- **EXERCISE DETAILS**
For the listing below, the answer is an exact retyping of the lines from the one with "Snowy Field At Dusk" through the one with "Hermes Bolide31 Top", both included, without pictures.
START EXTRACTED ENTRIES
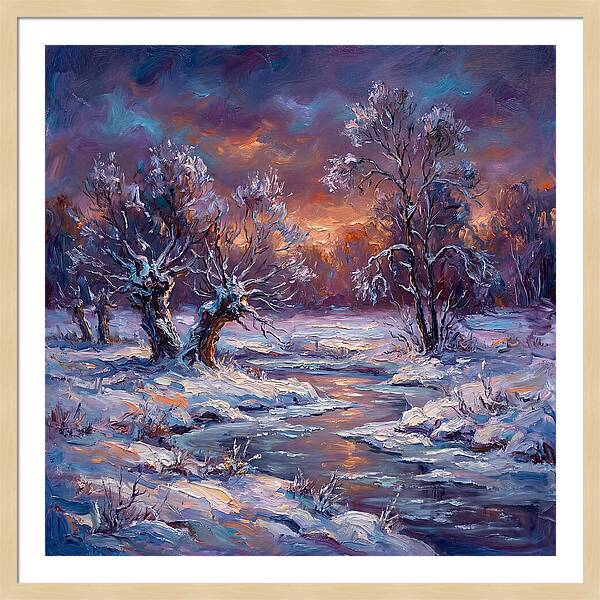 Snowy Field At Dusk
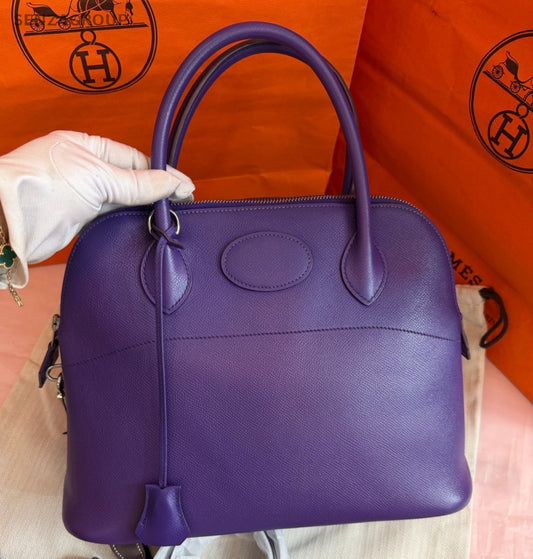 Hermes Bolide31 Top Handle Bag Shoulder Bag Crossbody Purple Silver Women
END EXTRACTED ENTRIES
START EXTRACTED ENTRIES
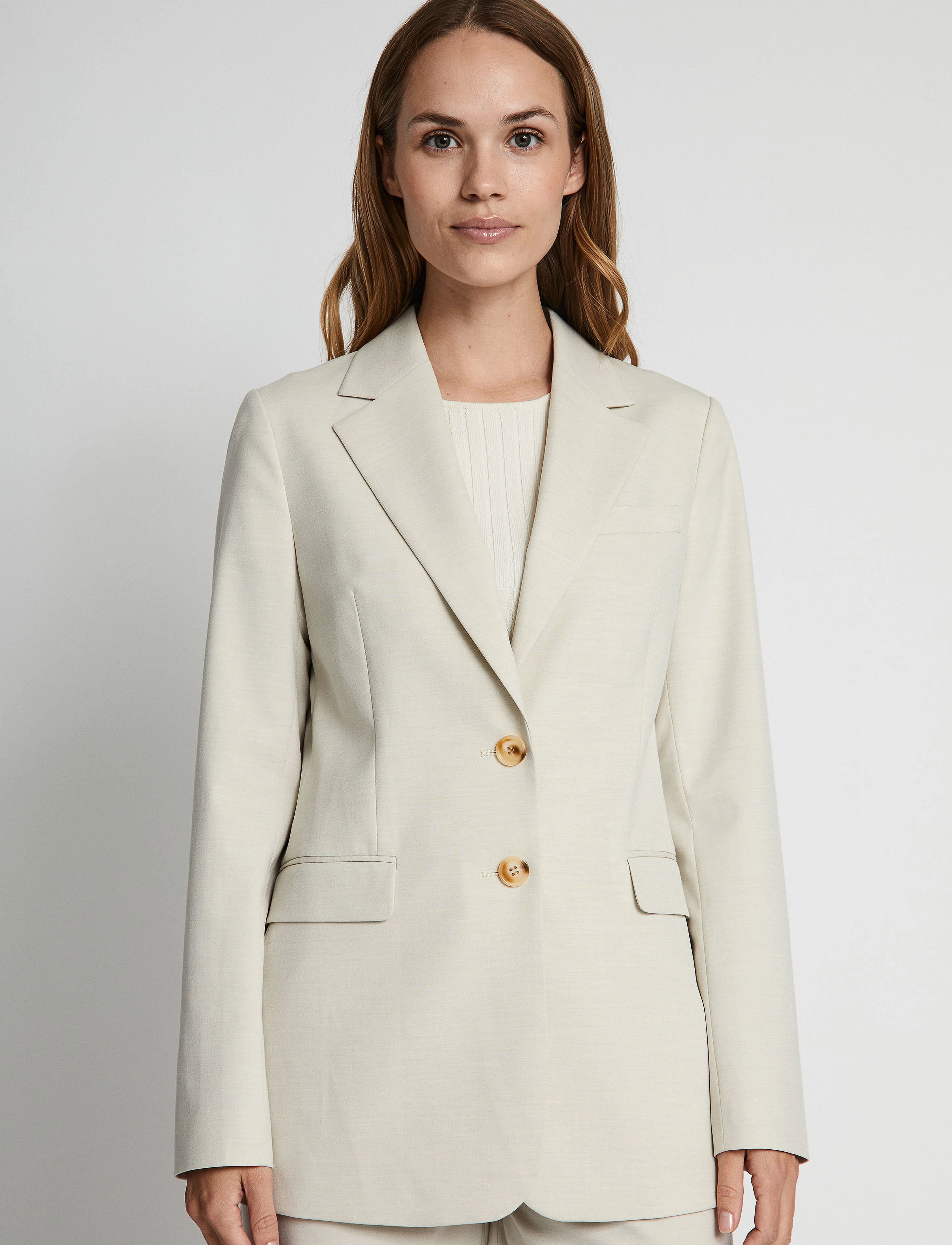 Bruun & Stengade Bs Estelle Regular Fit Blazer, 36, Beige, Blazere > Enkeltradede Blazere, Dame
END EXTRACTED ENTRIES
- **RESULT OF THIS EXERCISE**
 Snowy Field At Dusk
 Hermes Bolide31 Top Handle Bag Shoulder Bag Crossbody Purple Silver Women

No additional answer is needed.